*Exercise material*
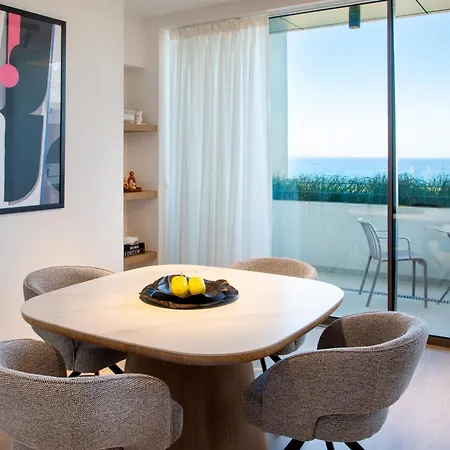 Apartment L Residences &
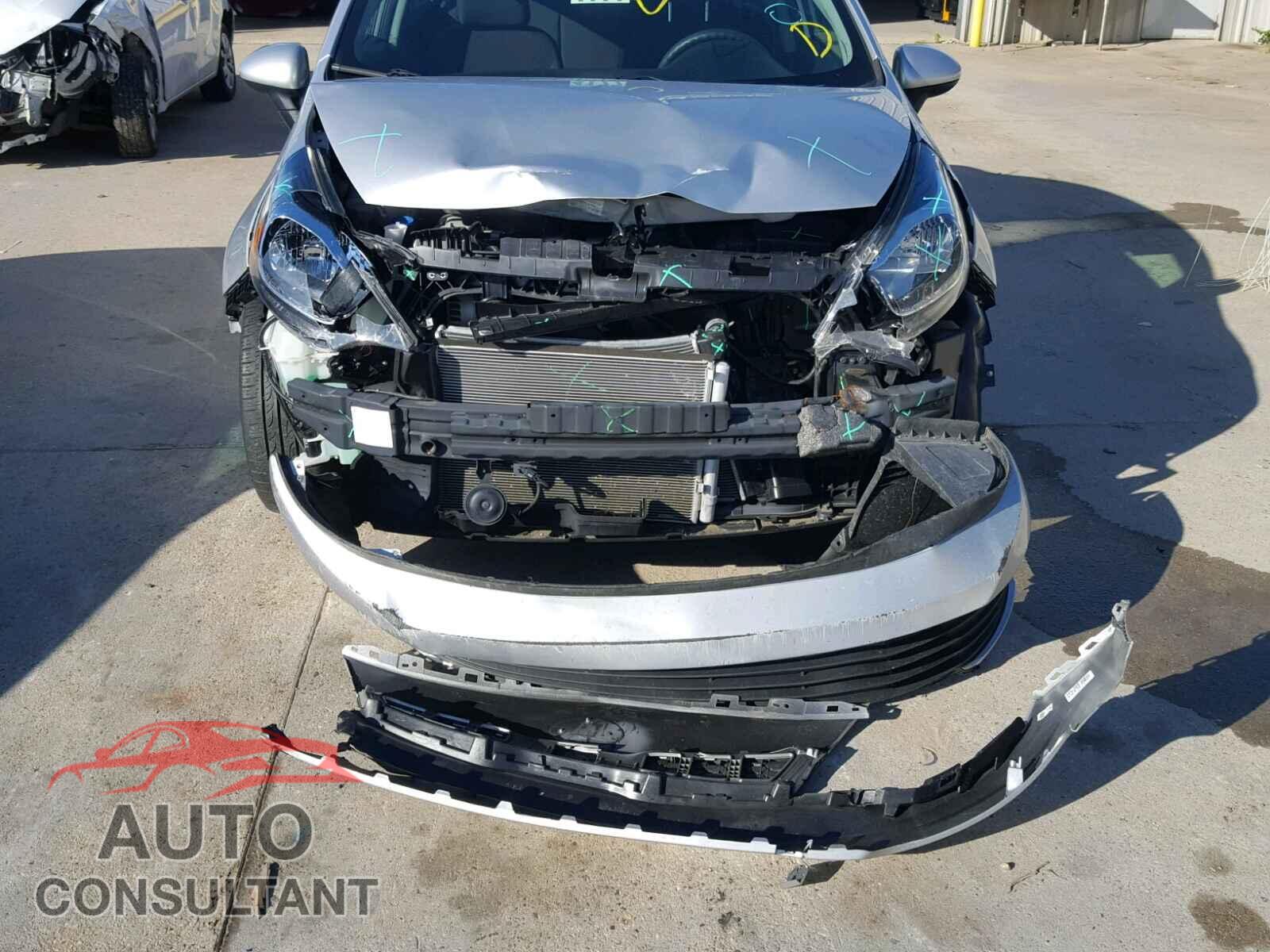 KIA RIO 2016 - KNADM4A3XG6662811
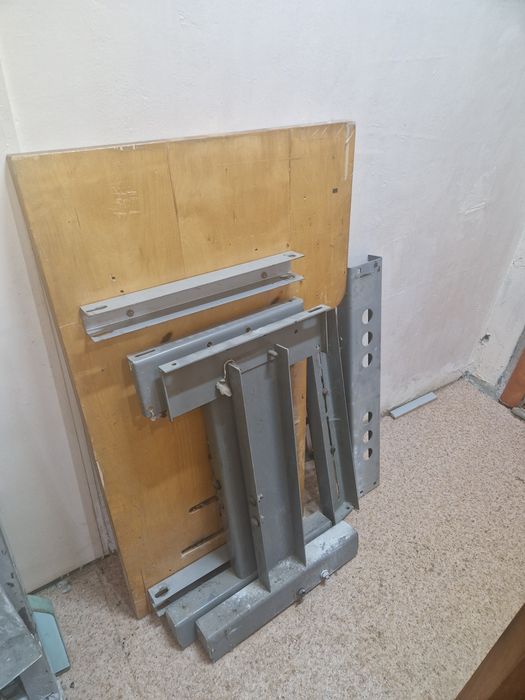 Стол от промышленной швейной машинки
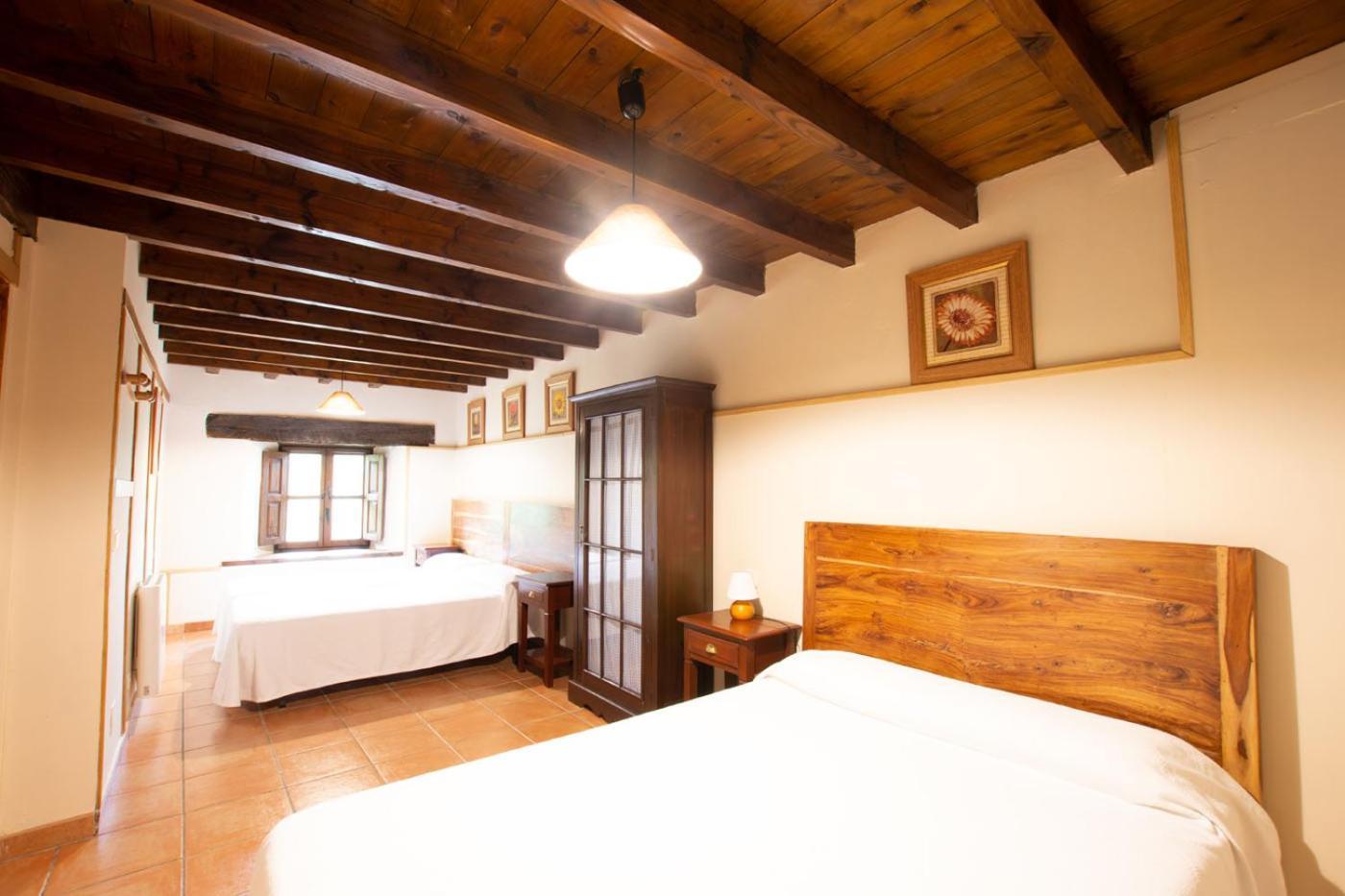 Apartamentos Rurales Los Picos De Redo 카말레노 외부 사진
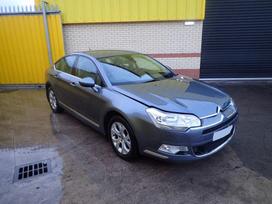 Citroen C5 rezerves daļās. Turime ivairiu prancuzisku automobiliu modeliu iv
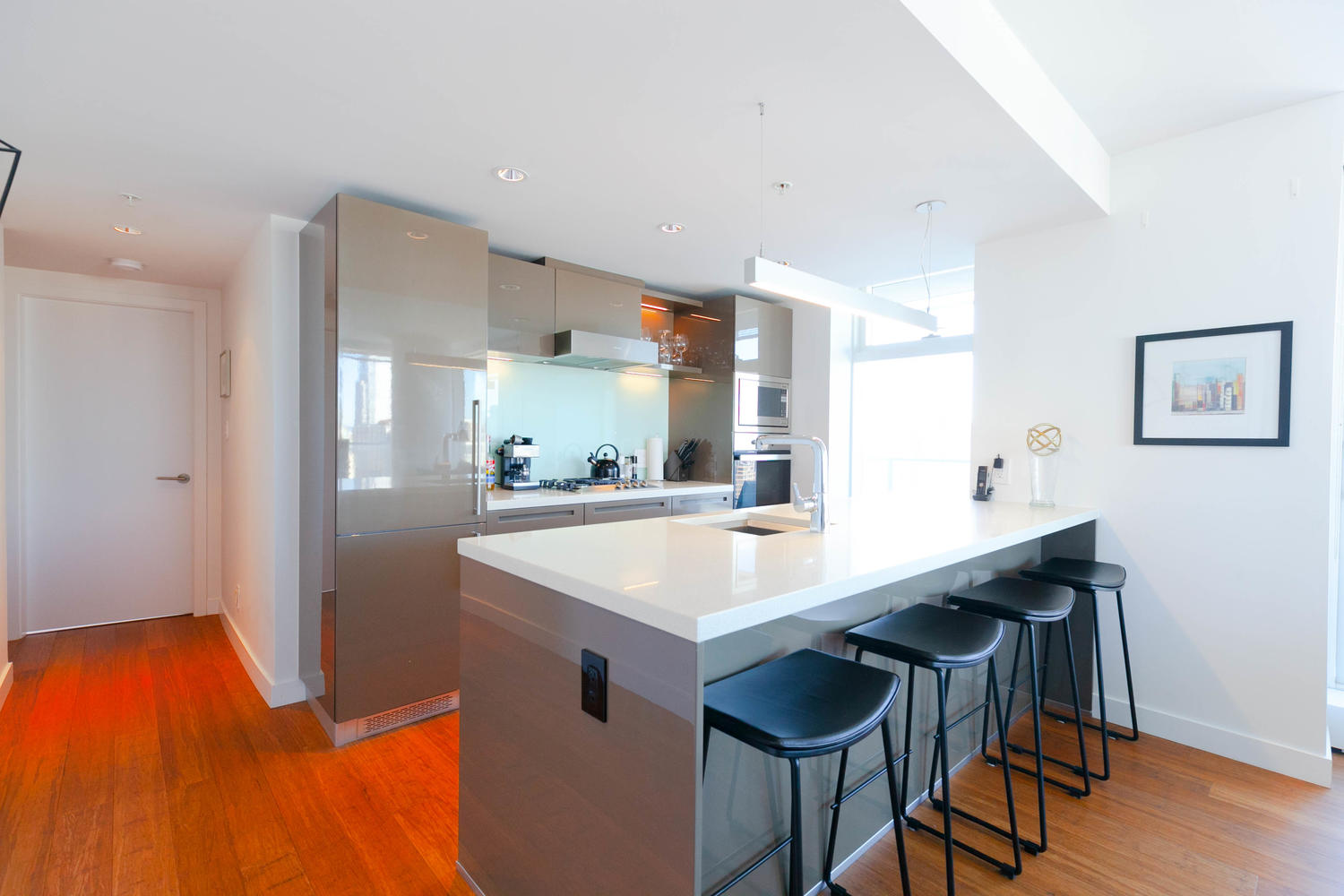 2601 - 777 Richards Street, Vancouver 3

*Task objective*
Drop the images and copy all the data exactly.

*Exercise output*
 Apartment L Residences &
 KIA RIO 2016 - KNADM4A3XG6662811
 Стол от промышленной швейной машинки
 Apartamentos Rurales Los Picos De Redo 카말레노 외부 사진
 Citroen C5 rezerves daļās. Turime ivairiu prancuzisku automobiliu modeliu iv
 2601 - 777 Richards Street, Vancouver 3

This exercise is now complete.